Additionally, the master plan and the energy study that gave us the pathway to achieving our net-zero energy goals wasn’t in place yet. So there was no way to know how exactly we were going to link these buildings together, or if we were going to, or what system was going to serve them.
As a result, they were all built above the energy code of the time, so they are quite efficient on their own, but were not connected together.
As we move towards our fourth, fifth building, we have a vision for how we can connect all these together so we can start to build them with that end point in mind.
Q: So you can course correct now that the campus plan is shaping up?
JP: I think that’s relatively accurate. It’s not without cost, but these buildings were built with hydronic systems. And so really it’s just putting the piping in the ground and connecting them up to that district energy system, changing some of the ways the buildings operate.
It’s not like there are levels of work that would be unfathomable.

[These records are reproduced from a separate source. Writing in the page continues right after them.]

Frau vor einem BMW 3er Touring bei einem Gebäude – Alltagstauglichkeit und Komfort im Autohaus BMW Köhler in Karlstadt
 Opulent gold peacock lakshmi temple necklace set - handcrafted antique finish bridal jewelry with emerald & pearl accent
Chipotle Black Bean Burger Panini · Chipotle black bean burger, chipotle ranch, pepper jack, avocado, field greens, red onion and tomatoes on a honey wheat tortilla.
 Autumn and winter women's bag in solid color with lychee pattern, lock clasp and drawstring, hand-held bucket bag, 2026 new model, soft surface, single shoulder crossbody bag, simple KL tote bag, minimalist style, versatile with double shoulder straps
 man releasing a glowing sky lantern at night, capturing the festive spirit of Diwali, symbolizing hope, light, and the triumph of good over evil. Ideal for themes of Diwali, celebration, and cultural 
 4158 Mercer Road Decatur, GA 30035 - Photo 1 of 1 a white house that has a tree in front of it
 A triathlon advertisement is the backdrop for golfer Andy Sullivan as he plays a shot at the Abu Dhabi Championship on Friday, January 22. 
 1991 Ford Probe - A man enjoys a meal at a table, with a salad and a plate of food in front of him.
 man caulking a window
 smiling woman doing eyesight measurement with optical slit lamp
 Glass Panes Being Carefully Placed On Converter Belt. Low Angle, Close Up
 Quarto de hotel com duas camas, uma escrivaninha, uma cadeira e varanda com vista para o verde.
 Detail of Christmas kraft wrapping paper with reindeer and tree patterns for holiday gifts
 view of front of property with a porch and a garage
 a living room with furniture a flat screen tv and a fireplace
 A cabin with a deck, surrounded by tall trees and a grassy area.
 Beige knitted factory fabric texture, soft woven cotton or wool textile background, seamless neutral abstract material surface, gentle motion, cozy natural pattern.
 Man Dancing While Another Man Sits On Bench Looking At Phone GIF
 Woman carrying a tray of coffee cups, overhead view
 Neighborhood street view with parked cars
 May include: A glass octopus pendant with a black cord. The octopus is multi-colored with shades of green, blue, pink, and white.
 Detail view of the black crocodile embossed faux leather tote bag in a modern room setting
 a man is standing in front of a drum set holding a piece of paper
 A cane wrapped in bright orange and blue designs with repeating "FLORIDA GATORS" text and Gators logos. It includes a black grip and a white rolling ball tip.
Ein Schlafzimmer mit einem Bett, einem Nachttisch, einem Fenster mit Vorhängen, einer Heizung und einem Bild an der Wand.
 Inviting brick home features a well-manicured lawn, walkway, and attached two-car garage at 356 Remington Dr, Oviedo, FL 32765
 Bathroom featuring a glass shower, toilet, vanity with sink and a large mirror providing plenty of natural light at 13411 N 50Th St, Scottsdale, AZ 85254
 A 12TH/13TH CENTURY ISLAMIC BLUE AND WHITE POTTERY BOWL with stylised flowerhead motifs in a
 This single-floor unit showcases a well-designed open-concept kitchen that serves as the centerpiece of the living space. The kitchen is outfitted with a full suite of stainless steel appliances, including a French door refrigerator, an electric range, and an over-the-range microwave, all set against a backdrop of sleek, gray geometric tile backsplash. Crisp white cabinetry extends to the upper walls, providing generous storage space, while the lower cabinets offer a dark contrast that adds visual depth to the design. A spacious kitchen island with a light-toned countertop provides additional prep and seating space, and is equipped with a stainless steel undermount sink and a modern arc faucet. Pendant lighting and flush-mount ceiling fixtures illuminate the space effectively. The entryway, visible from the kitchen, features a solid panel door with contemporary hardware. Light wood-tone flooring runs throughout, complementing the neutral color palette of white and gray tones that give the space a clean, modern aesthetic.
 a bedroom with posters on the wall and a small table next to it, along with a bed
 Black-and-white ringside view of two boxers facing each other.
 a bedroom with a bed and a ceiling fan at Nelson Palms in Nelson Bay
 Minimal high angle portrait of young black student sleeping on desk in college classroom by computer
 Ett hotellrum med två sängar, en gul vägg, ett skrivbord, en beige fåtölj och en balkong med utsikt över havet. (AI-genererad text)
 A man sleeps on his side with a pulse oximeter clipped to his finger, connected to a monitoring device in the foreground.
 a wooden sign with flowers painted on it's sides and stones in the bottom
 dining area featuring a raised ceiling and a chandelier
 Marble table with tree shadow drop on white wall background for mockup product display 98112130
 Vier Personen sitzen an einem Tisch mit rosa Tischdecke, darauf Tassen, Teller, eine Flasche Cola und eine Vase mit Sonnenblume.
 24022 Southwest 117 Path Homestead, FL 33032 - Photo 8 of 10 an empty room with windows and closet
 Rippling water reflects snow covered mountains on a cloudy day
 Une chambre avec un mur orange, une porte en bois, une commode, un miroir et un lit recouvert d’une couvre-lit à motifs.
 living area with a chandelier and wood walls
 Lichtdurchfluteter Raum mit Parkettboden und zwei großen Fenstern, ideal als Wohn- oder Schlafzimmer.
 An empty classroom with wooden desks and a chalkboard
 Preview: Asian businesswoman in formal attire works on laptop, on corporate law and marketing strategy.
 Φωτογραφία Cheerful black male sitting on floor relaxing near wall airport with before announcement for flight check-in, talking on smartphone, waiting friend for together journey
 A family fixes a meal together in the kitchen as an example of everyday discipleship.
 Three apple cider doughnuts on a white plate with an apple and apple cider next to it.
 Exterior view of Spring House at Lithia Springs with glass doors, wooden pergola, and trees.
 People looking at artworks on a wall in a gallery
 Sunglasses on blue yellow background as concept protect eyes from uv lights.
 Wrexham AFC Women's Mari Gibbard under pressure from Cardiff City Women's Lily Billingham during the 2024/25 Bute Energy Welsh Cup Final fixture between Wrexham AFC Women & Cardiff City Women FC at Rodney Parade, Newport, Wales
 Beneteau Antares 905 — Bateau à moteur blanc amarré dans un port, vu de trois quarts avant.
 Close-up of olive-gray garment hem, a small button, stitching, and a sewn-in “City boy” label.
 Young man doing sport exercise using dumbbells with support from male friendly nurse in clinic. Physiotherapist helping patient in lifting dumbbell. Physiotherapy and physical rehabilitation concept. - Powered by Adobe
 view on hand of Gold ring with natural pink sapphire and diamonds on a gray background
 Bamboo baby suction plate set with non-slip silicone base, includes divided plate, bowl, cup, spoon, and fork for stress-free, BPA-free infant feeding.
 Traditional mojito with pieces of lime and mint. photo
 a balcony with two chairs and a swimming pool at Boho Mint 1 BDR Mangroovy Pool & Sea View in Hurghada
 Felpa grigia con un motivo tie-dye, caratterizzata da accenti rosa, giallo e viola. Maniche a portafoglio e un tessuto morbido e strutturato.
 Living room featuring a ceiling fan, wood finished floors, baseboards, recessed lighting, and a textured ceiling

This is a relatively reasonable project to add it, to connect these up.
Q: Do you have students that are also kind of working on this somehow or understanding the process?
JP: Our energy systems engineering and our engineering degree, two different degrees, both have students who take classes in things like this.
It’s pretty exciting because while we’re developing these things, they’re able to get their hands onto the things that we’re developing on campus and designing on campus.
Last semester, there was actually a group of students who did a capstone on exactly what you and I were just talking about. Their capstone project was evaluating how to connect the existing previous three buildings to our district energy system, looking at the types of equipment that would have to be installed in the buildings.
And then looking at the underground piping that would have to be installed and then putting a cost to it and calculating the efficiency increase, the benefits of doing that overall. That’s our second year of being able to do that with the students from that capstone.